:: WORK INSTRUCTIONS ::
The output should be every line below, retyped exactly, with no images.

:: DATA BELOW ::

= Beginning of Section =

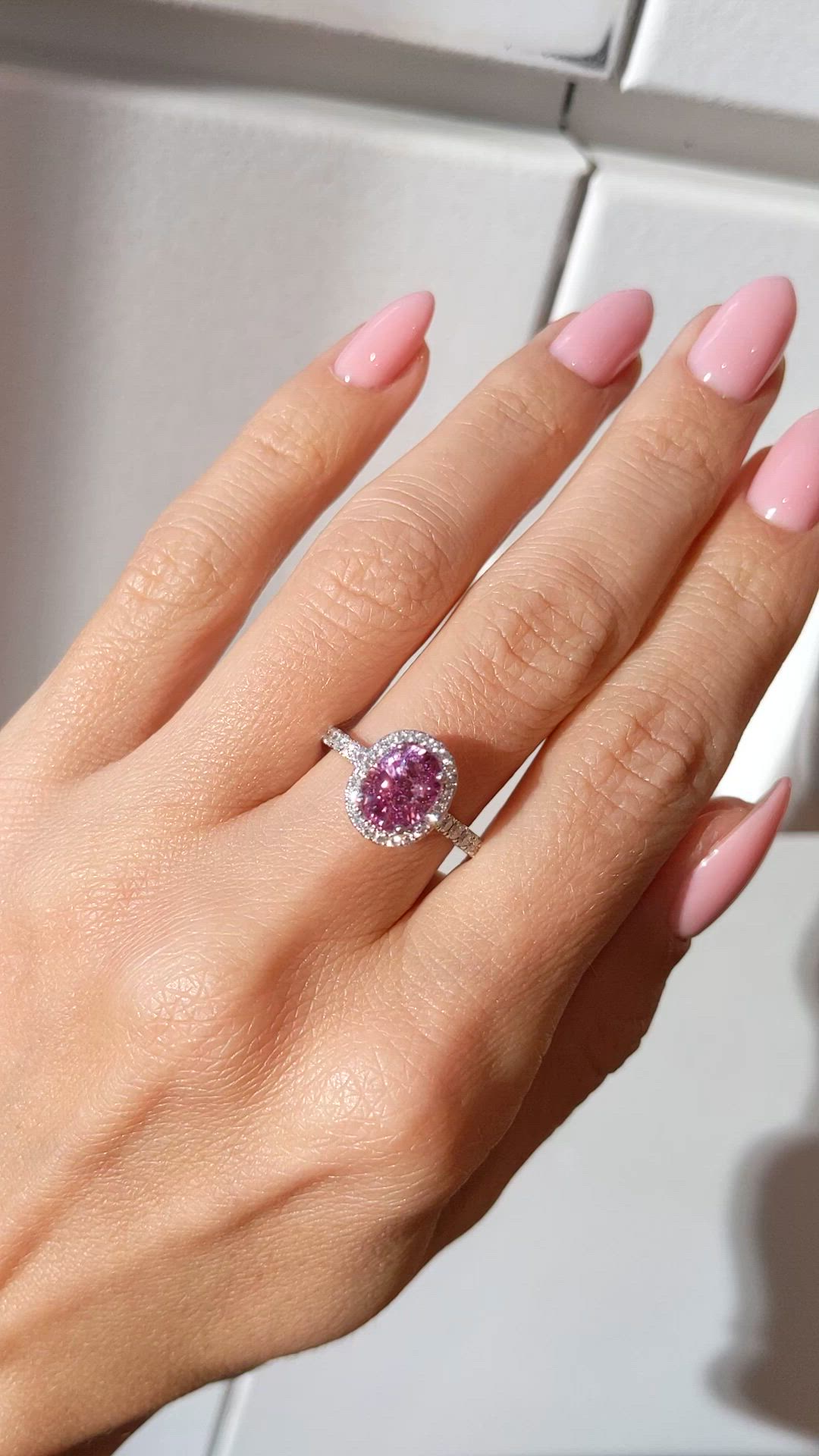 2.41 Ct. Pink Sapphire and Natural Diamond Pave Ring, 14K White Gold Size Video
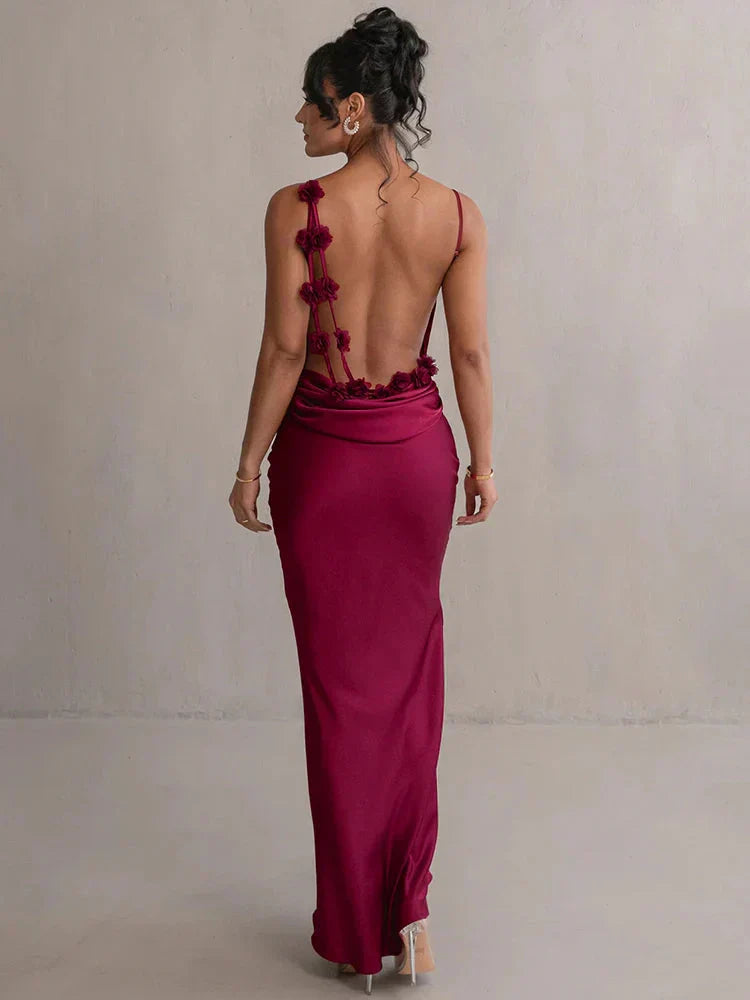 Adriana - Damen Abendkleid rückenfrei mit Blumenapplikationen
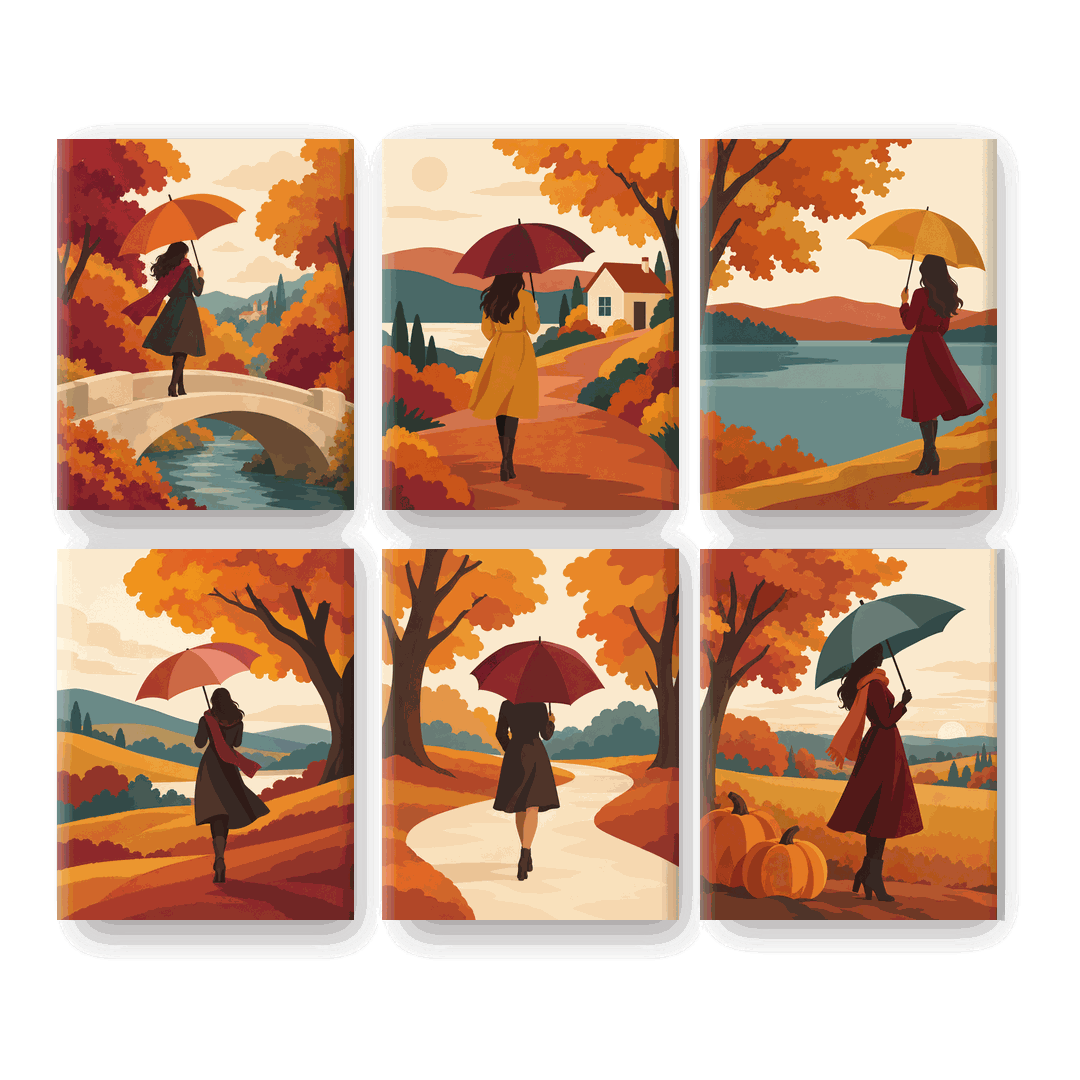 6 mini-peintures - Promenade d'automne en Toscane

= End of Section =

:: EXPECTED OUTPUT ::
 2.41 Ct. Pink Sapphire and Natural Diamond Pave Ring, 14K White Gold Size Video
 Adriana - Damen Abendkleid rückenfrei mit Blumenapplikationen
 6 mini-peintures - Promenade d'automne en Toscane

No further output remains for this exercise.